WHAT IS BEING ASKED. The entire listing, reproduced exactly and stripped of images, is the expected output.

COLLECTED MATERIAL.
++++++++

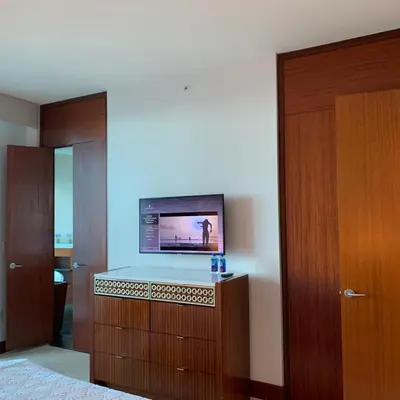 a room with a flat screen tv on a wall at One Bal Harbour Ritz Bal Harbour in Miami Beach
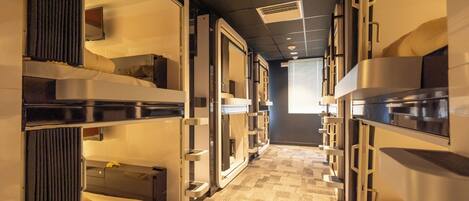 A corridor with bunk beds, a flat-screen TV, and a window with blinds.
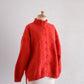 Wool hand knitted cable cardigan in red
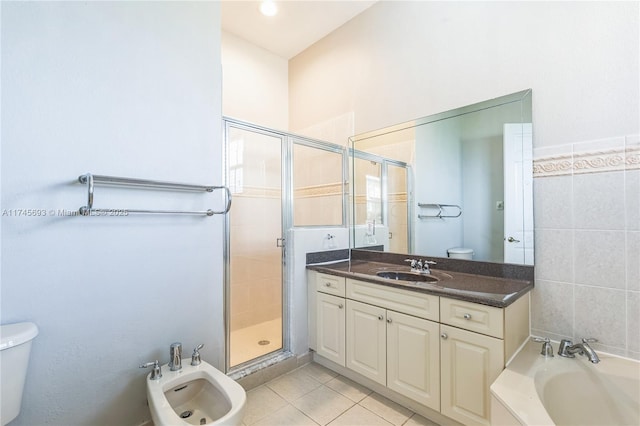 bathroom with a stall shower, toilet, tile patterned floors, vanity, and a bidet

++++++++

ANSWER SPACE.
 a room with a flat screen tv on a wall at One Bal Harbour Ritz Bal Harbour in Miami Beach
 A corridor with bunk beds, a flat-screen TV, and a window with blinds.
 Wool hand knitted cable cardigan in red
 bathroom with a stall shower, toilet, tile patterned floors, vanity, and a bidet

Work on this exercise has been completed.